Work required: For this exercise, write out exactly the lines from the line containing "Coque Portefeuille Livre" through the last line of the records, and no other lines.

Working data:

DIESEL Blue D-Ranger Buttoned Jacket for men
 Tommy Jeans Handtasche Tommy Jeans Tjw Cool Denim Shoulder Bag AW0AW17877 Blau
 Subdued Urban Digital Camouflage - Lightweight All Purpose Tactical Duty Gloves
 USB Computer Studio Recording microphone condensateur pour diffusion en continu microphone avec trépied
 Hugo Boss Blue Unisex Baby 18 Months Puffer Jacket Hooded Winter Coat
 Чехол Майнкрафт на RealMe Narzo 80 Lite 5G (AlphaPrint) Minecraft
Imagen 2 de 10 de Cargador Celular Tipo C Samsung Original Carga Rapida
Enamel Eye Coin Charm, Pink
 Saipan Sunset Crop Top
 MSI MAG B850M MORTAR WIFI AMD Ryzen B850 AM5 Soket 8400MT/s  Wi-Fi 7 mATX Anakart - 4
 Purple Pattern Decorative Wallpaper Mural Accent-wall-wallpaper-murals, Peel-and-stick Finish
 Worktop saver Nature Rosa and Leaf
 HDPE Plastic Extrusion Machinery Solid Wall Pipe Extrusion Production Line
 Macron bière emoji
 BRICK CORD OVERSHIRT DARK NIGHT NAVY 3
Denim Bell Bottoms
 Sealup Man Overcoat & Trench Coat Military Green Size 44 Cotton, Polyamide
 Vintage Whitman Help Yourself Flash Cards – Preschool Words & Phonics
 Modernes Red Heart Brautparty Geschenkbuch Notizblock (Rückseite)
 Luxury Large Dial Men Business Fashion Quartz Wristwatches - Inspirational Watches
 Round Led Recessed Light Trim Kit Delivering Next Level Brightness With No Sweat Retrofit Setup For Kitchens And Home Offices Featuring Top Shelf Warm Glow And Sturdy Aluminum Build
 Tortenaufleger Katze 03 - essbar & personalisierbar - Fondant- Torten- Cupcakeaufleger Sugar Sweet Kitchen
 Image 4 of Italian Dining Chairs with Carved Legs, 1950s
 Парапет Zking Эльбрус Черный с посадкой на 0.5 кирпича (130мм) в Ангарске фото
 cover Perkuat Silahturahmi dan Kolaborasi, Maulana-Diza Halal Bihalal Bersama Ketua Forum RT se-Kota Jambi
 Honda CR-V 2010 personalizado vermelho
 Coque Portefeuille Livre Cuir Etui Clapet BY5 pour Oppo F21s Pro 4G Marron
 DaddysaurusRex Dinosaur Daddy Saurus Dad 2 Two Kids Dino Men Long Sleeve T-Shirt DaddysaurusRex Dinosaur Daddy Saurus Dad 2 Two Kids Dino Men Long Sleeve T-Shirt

Answer for this exercise:
 Coque Portefeuille Livre Cuir Etui Clapet BY5 pour Oppo F21s Pro 4G Marron
 DaddysaurusRex Dinosaur Daddy Saurus Dad 2 Two Kids Dino Men Long Sleeve T-Shirt DaddysaurusRex Dinosaur Daddy Saurus Dad 2 Two Kids Dino Men Long Sleeve T-Shirt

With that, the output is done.